» WHAT IS EXPECTED: Give the number of lines below that hold the string "microalgas", and nothing more.
EXTRACTED MATERIAL START
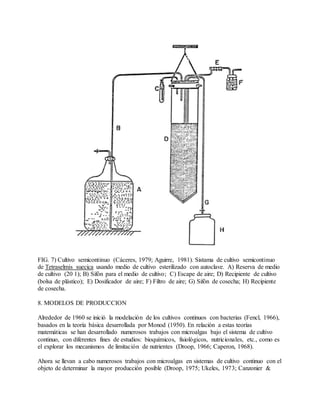 FIG. 7) Cultivo semicontinuo (Cáceres, 1979; Aguirre, 1981). Sistama de cultivo semicontinuo
de Tetraselmis suecica usando medio de cultivo esterilizado con autoclave. A) Reserva de medio
de cultivo (20 1); B) Sifón para el medio de cultivo; C) Escape de aire; D) Recipiente de cultivo
(bolsa de plástico); E) Dosificador de aire; F) Filtro de aire; G) Sifón de cosecha; H) Recipiente
de cosecha.
8. MODELOS DE PRODUCCION
Alrededor de 1960 se inició la modelación de los cultivos continuos con bacterias (Fencl, 1966),
basados en la teoría básica desarrollada por Monod (1950). En relación a estas teorías
matemáticas se han desarrollado numerosos trabajos con microalgas bajo el sistema de cultivo
continuo, con diferentes fines de estudios: bioquímicos, fisiológicos, nutricionales, etc., como es
el explorar los mecanismos de limitación de nutrientes (Droop, 1966; Caperon, 1968).
Ahora se llevan a cabo numerosos trabajos con microalgas en sistemas de cultivo continuo con el
objeto de determinar la mayor producción posible (Droop, 1975; Ukeles, 1973; Canzonier &
 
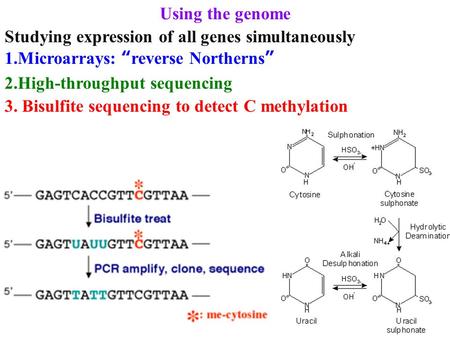 Using the genome Studying expression of all genes simultaneously 1.Microarrays: “reverse Northerns” 2.High-throughput sequencing 3. Bisulfite sequencing.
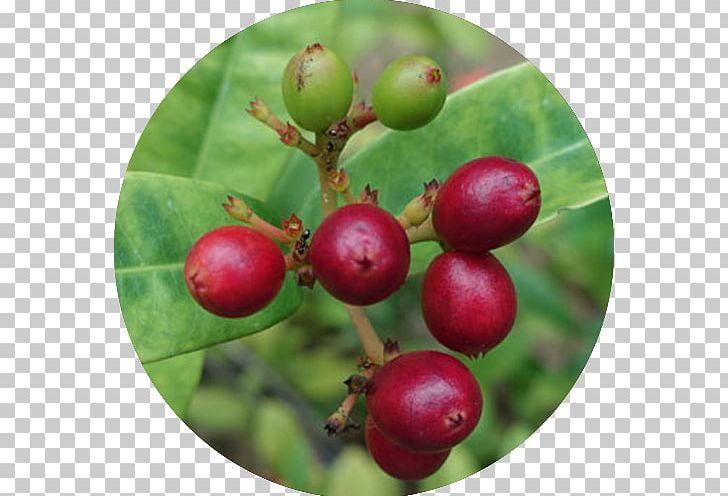 Cell Toxin Poison Gooseberry Detoxification PNG, Clipart, Accessory Fruit, Aquifoliaceae, Aquifoliales, Avgiftning, Berry Free PNG Download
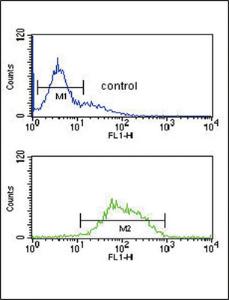 Anti-LCAT Rabbit Polyclonal Antibody (Biotin)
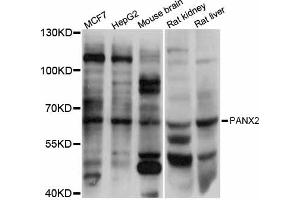 Image no. 1 for anti-Pannexin 2 (PANX2) antibody (ABIN6290775)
EXTRACTED MATERIAL END
» OUTPUT FOR THIS TASK: 2